Without the images, set down each entry exactly.

─── The records

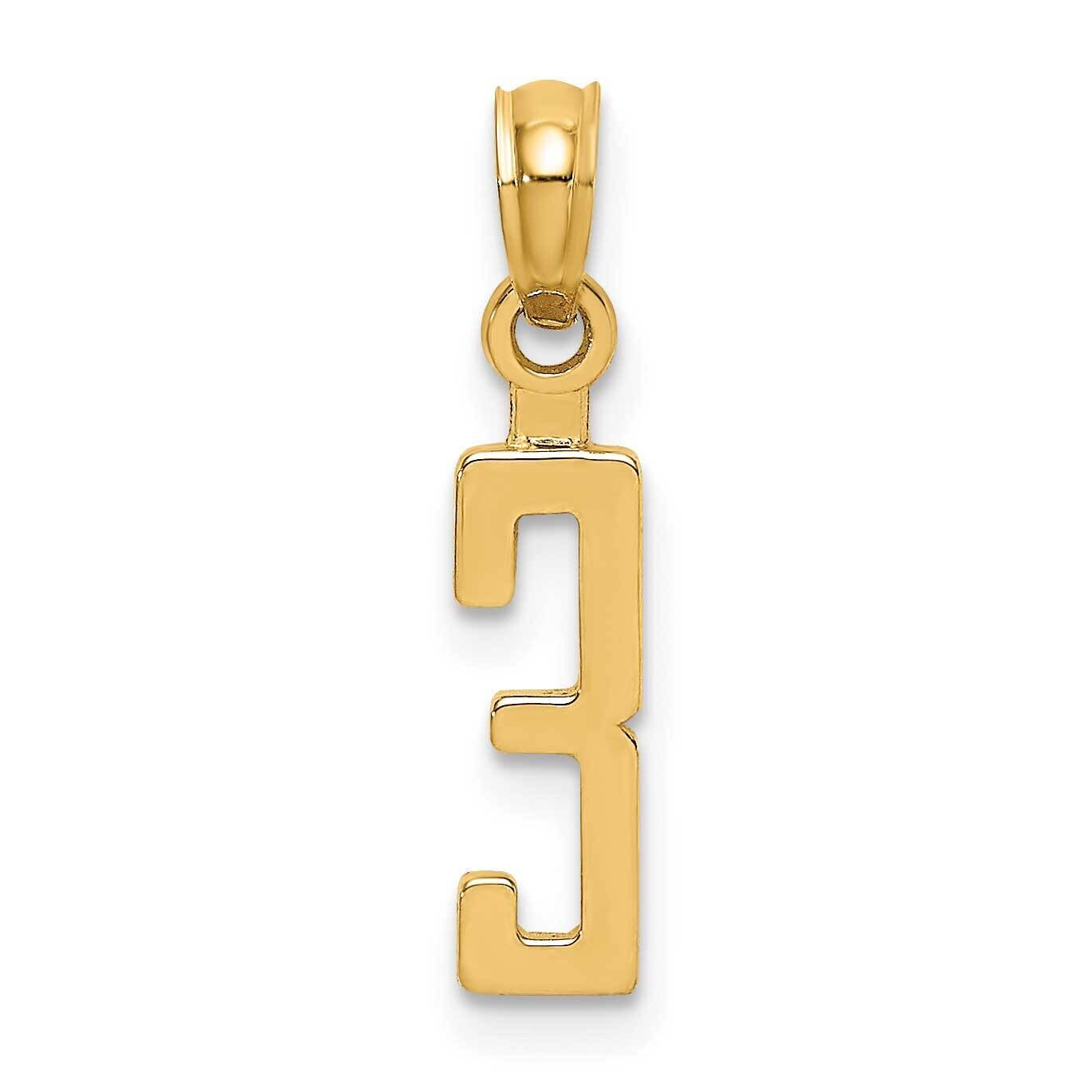 3 Block Style Charm 14k Gold NU03, MPN: NU03, 637218101139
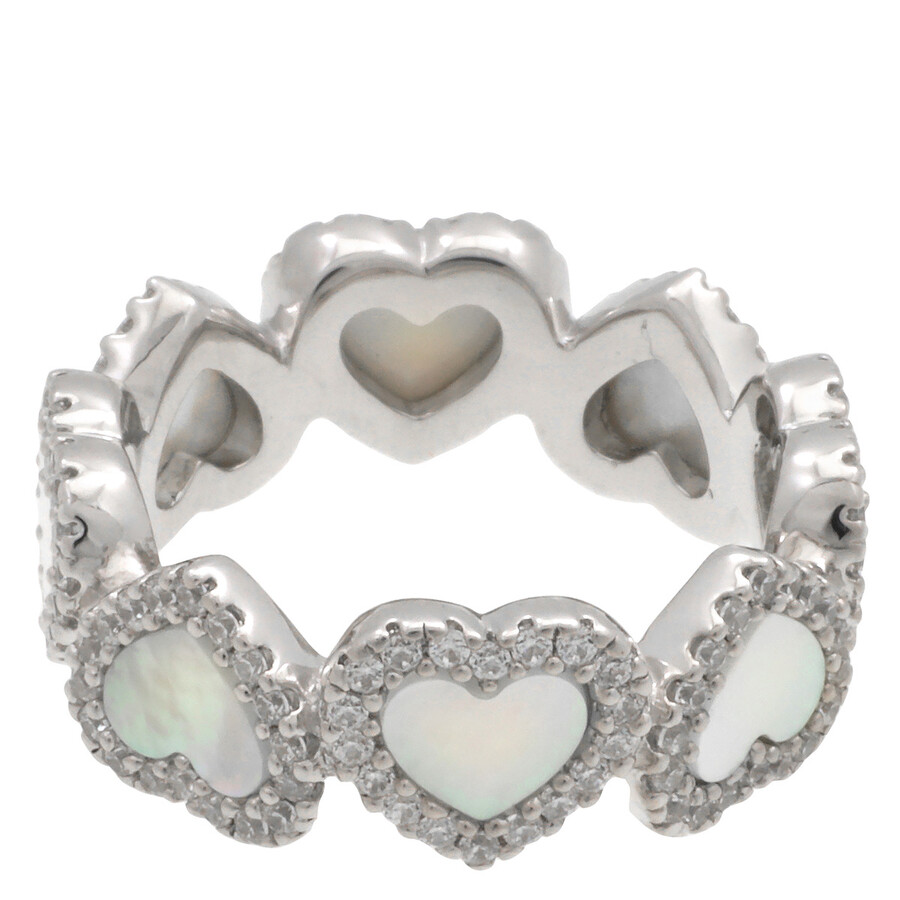 Apm Monaco Sterling Silver Nacre Full Heart Paved Ring In Silver Tone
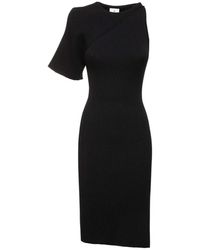 Courreges - Schwarzes kleid mit ausschnitt, slim fit - Lyst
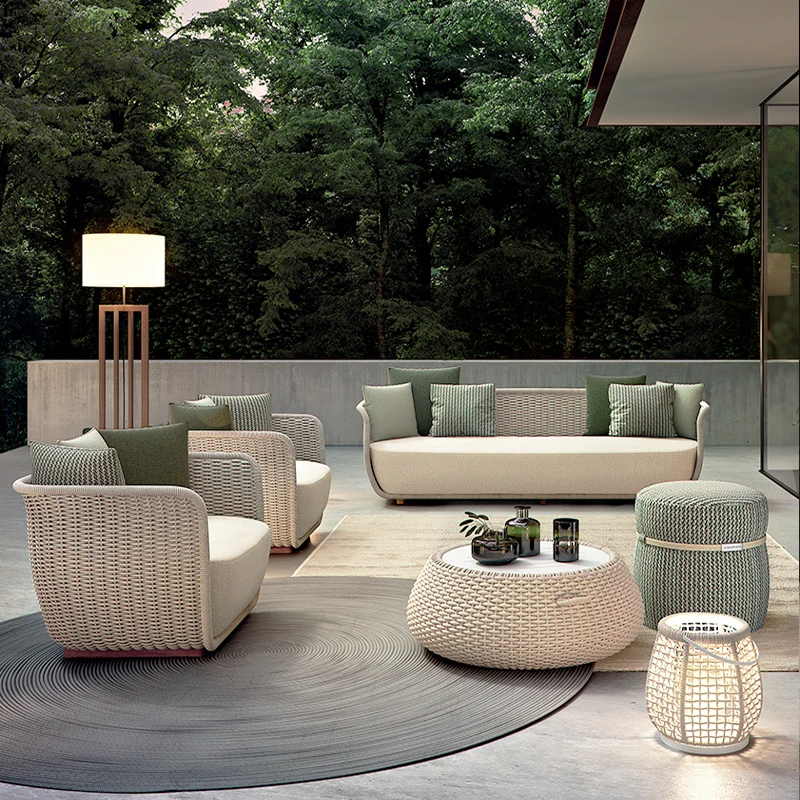 Outdoor Sofa Garten Möbel Sets Wasserdichte Moderne Hof Villa Garten Möbel Sets Nordic Rattan Mobilier Home Möbel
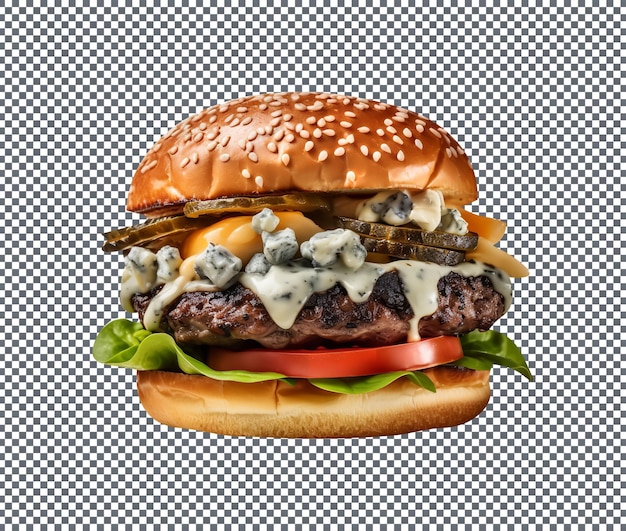 delicious cheese beef burger isolated on transparent background
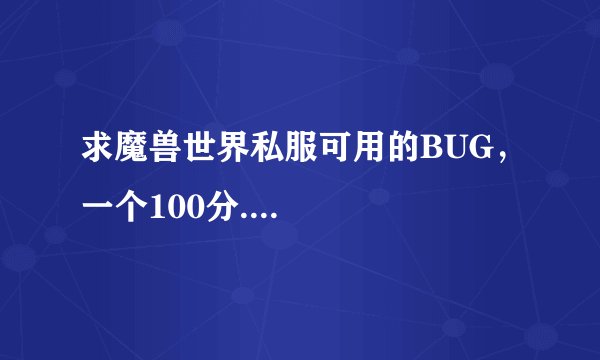 求魔兽世界私服可用的BUG，一个100分....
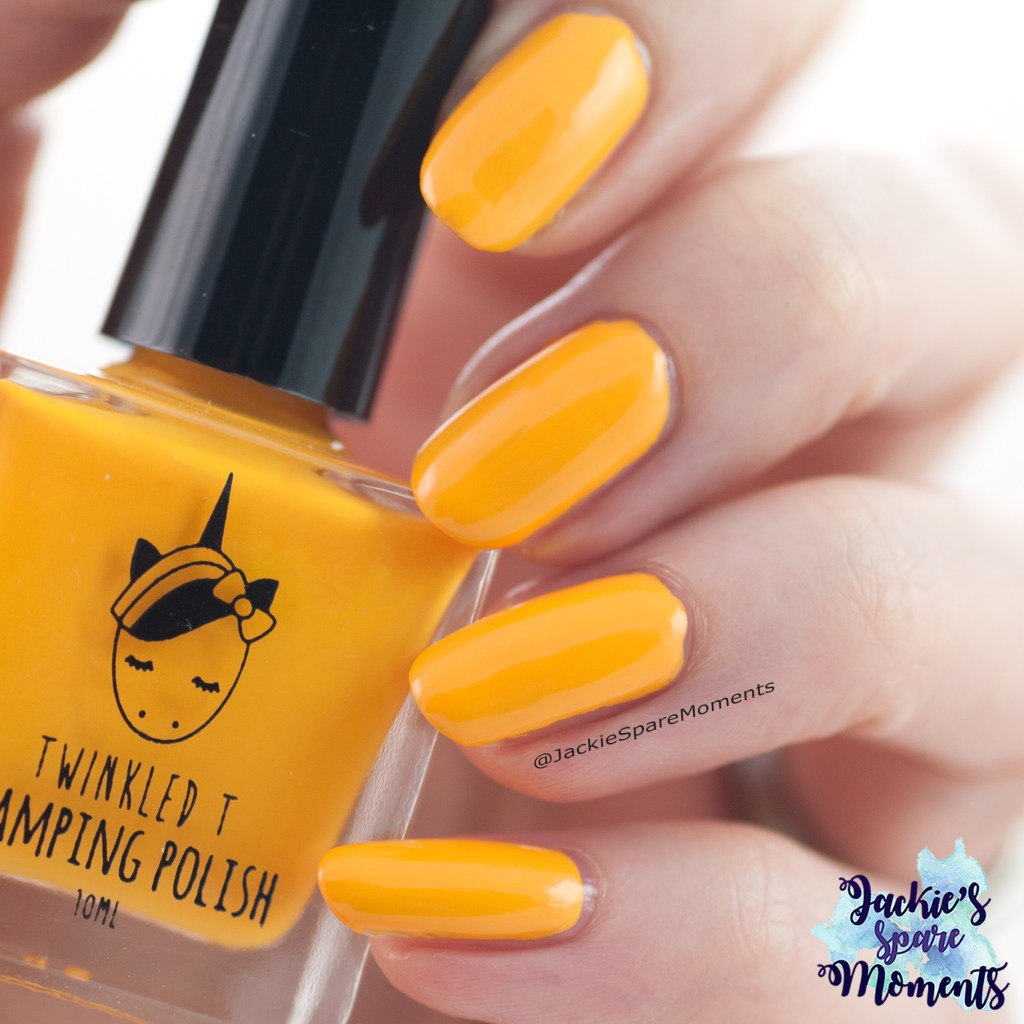 Twinkled T stamping polish Saucey as Pantone Mango Mojito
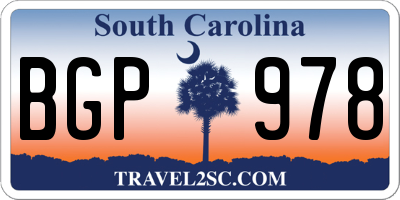 SC license plate BGP978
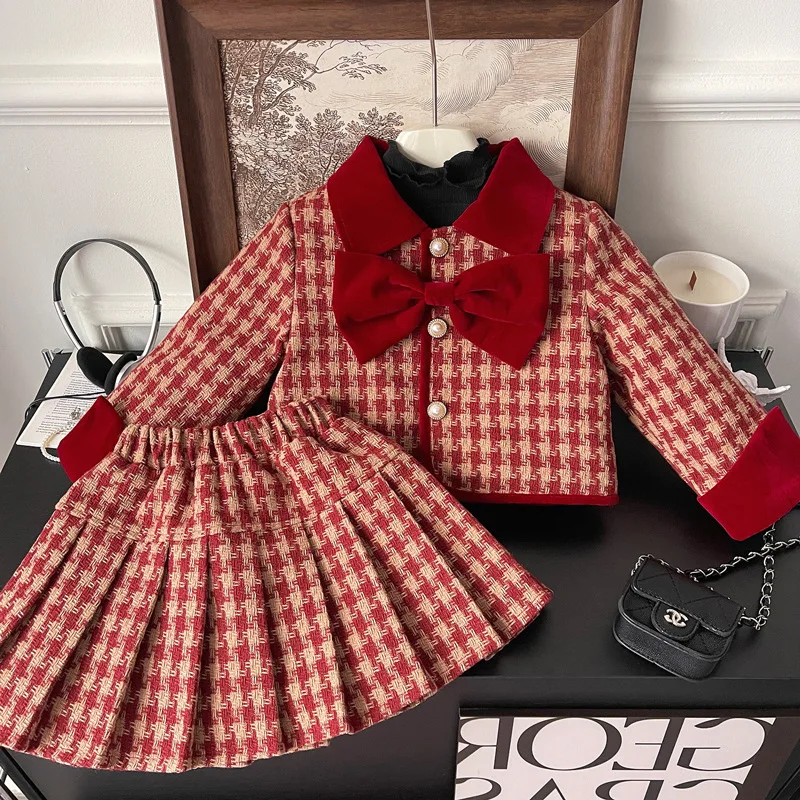 

Childrens Sets Girls Thickening Baby Red Adding Cotton Two Piece 2024 Turn Down Collar Simple Pleated Fashion Loose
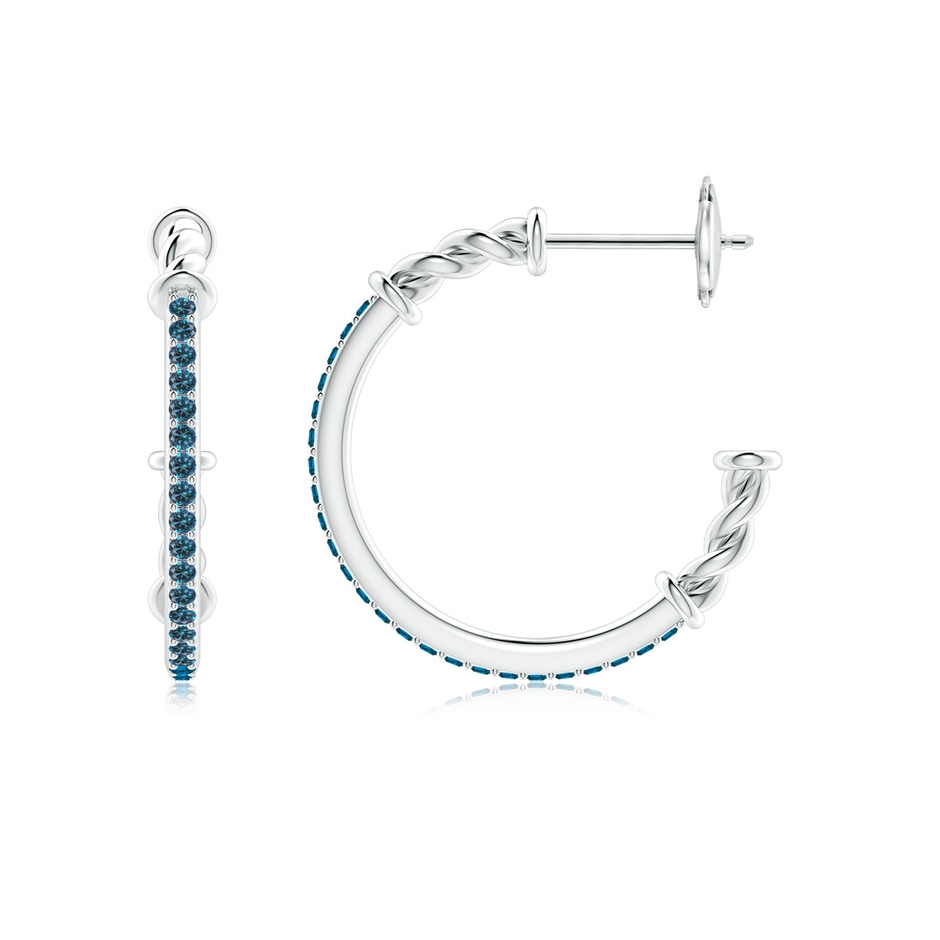 1.15mm AAA Prong-Set Round Blue Diamond Twisted Wire Hoop Earrings in White Gold side 199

──────

> Written solution:
 3 Block Style Charm 14k Gold NU03, MPN: NU03, 637218101139
 Apm Monaco Sterling Silver Nacre Full Heart Paved Ring In Silver Tone
 Courreges - Schwarzes kleid mit ausschnitt, slim fit - Lyst
 Outdoor Sofa Garten Möbel Sets Wasserdichte Moderne Hof Villa Garten Möbel Sets Nordic Rattan Mobilier Home Möbel
 delicious cheese beef burger isolated on transparent background
 求魔兽世界私服可用的BUG，一个100分....
 Twinkled T stamping polish Saucey as Pantone Mango Mojito
 SC license plate BGP978

Childrens Sets Girls Thickening Baby Red Adding Cotton Two Piece 2024 Turn Down Collar Simple Pleated Fashion Loose
 1.15mm AAA Prong-Set Round Blue Diamond Twisted Wire Hoop Earrings in White Gold side 199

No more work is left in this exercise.